On me fera des remarques. « C'est un repas-texte » ou bien qu'on avait un peu de mal à rentrer au tout début. On ne connaissait pas les antécédents. Et voilà bien les quelques reproches que je pourrais faire à cette chère personne qui est constamment rivé sur son nombril. Ce n'était pas un spectacle. Puis, je comprends parfaitement le point de vue du public. Cette personne déclare que tout le monde connaît telle pièce. Ben non, mon pauvre... Pathétique... Puis Du point de vue des comédiens, du moins je parle pour moi, les autres je ne sais pas ce qu'ils en pensent, mais je n'ai pas aimé interpréter un moignon de personnages. Une phase de son évolution, de son histoire racontée. Le plus beau dans le fait d'avoir un personnage qu'on interprète constamment, c'est de le voir évolué dans l'histoire. C'est superbe ! Perdican était un personnage torturé, complexe, qui est différent dans les différentes périodes de l'histoire. Cela m'aurait réellement plu de le jouer en entier. Au début, il attise Camille. Il la trompe, lui déclare certaines choses, tu la roue de ces mots - mon passage – puis finis par se poser des questions sur ses actes. Et quelle remise en cause géniale ! C'est vraiment poignant, en parlant d'un point de vue théâtral et dramatique. La fin est tout bonnement cinglante et coupe le souffle.

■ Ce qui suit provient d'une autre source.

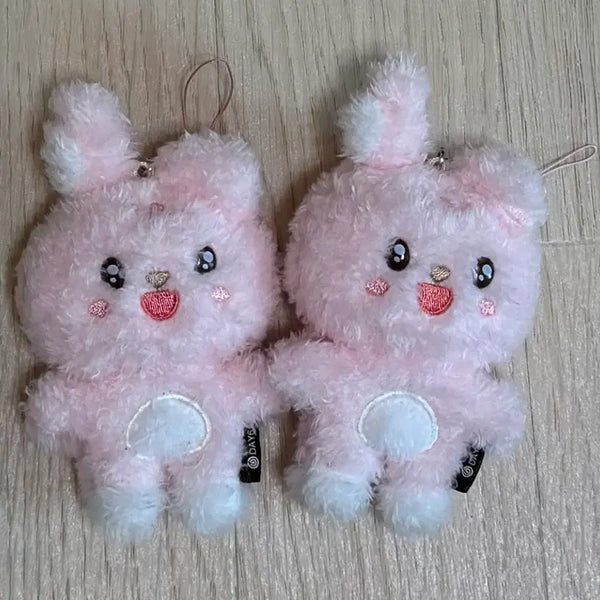 [BUNJANG] DAY6 Wonpil Unfiltered Secret Keychain Chorongpil / 원필 언필터드 시크릿 키링 초롱필
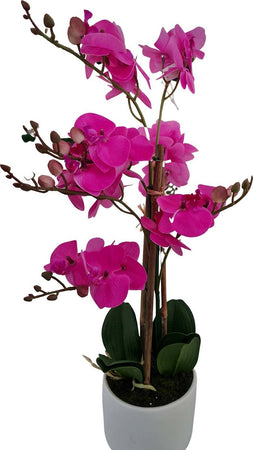 Orchidea artificiale fucsia con vaso decorazione natalizia per interno h 50 cm Casa e cucina/Decorazioni per interni/Addobbi e decorazioni per ricorrenze/Decorazioni natalizie/Ghirlande e corone MagiediNatale.it - Altamura, Commerciovirtuoso.it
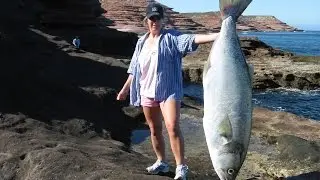 Giant Tailor caught at Kalbarri. One for the ladies.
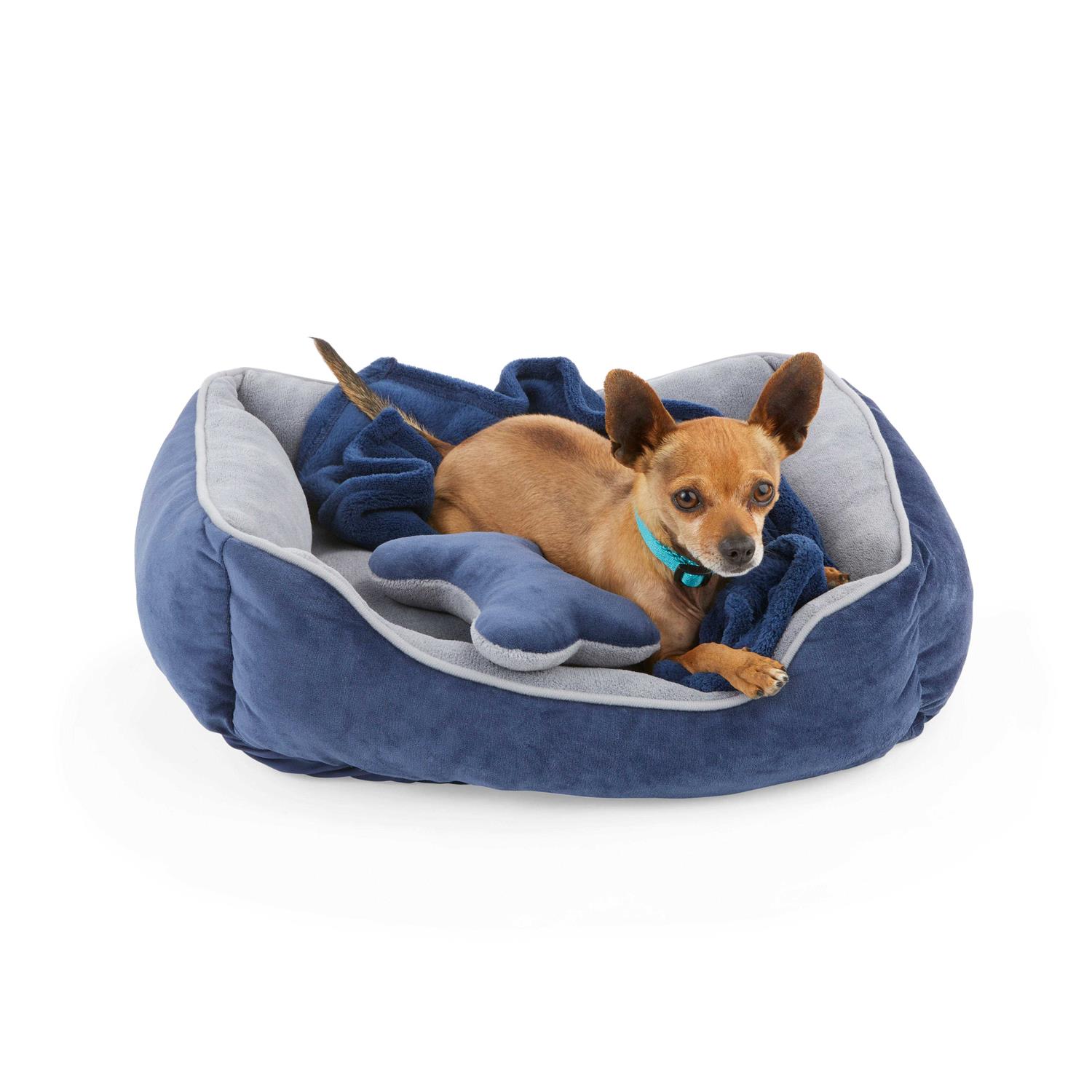 EveryYay Essentials Snooze Fest Dog Bed Bundle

Bref, tout ça pour dire que voir évoluer son personnage est très intéressant dans le jeu, et même pour soi. Moi, voilà, en ayant lu la pièce, ce qu'il disait, je n'ai pas accroché. Je ne le ressentais pas. C'est beau et poignant, mais... Enfin bon, s'il n'y avait que ça...
Le Spectacle est fini, très certainement mes dernières montées de marches, sentir les planches qui craquent, le fait de ne plus être quelqu'un d'autre, le temps d'une pièce. Cette sensation qui m'a poursuivi pendant si longtemps. Et qui fait partie de moi –excusez-moi pour mes envolées lyriques...- et qui va tant me manquer.
C'est con, mais mes iris sont arrosés.
Sourire. Triste.
Ma fin, ma dernière, je ne la voyais pas comme ça. Il me manque quelque chose. Je reste sur ma faim. Envie de connaître l'avis. J'ai besoin de savoir. Mais je crois que les Muets ont donné un mot d'ordre d'être comme eux. Je me promène dans un tunnel. J'entends les bruits de mes pas qui s'interrogent. Mais pas de son. Pas d'écho.
Fugitives pensées que je ne peux saisir... Ou qui ne veulent être prises.
J'ai un vide. Je ne sais rien de mes deux personnages, je ne sais rien des pensées qui émanent de ceux dont les iris se sont tournés vers ces deux-là... Pas le temps ? Je ne sais pas. Mais la Tierce ne m'a pas frôlé. La Tierce qui exploite sans avant-goût, sans sentiments préalables.
Je ne sais pas si on comprend. Je n'arrive pas à déclarer. Ou je ne veux pas ? J'en sais rien...
Ha vis-de !
Ce que je cherche, ce que j'ai. Impartial.